(Exercise inputs begins)
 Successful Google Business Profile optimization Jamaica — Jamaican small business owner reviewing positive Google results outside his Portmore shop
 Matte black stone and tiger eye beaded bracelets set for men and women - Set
(Exercise inputs ends)
(Exercise inputs begins)
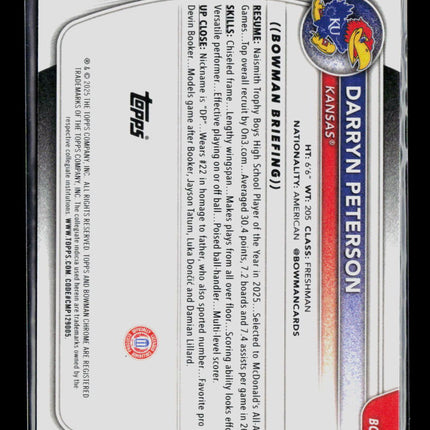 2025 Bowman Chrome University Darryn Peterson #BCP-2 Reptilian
(Exercise inputs ends)
(Exercise inputs begins)
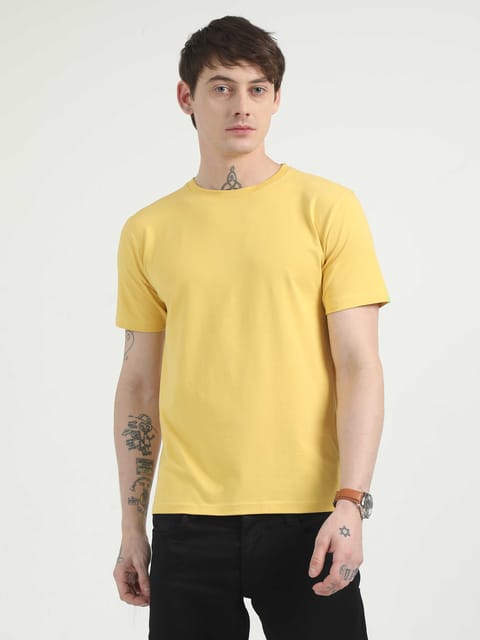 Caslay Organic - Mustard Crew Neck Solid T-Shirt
(Exercise inputs ends)
> _Directions_
In the listing above, find the line with "Successful Google Business" and the line with "Matte black stone"; set down exactly those two lines and every line between them, nothing more.

> _Solution for this task_
 Successful Google Business Profile optimization Jamaica — Jamaican small business owner reviewing positive Google results outside his Portmore shop
 Matte black stone and tiger eye beaded bracelets set for men and women - Set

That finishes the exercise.